千葉、船橋、市川、松戸、柏、習志野。「パートナーシップ制度」「ファミリーシップ制度」で連携することになった6市です。

事実婚や同性カップルについて「結婚に相当する関係」などと自治体が認定する「パートナーシップ制度」。パートナーの子どもを家族として認定する「ファミリーシップ制度」とともに、導入する自治体が増えています。

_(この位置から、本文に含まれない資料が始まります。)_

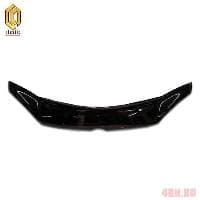 Дефлектор капота CA Plastic Classic черный для Volkswagen Golf 5 (2003-2008) № 2010010101442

6市長が同席した連携協定の締結式では、各市長の制度に対する思いが語られました。それぞれが何を語ったのか、発言の全体を詳しくお伝えします。

(千葉放送局記者・大岡靖幸)

6市が連携協定を締結

7月11日、千葉市役所に集まった千葉市、船橋市、市川市、松戸市、柏市、習志野市の市長たち。各市で導入している「パートナーシップ・ファミリーシップ制度」について、互いに連携をはかる協定書に署名しました。

6市の人口はあわせて約323万人。千葉県全体の人口の50%余りに上ります。市長がそれぞれ連携に向けてあいさつしました。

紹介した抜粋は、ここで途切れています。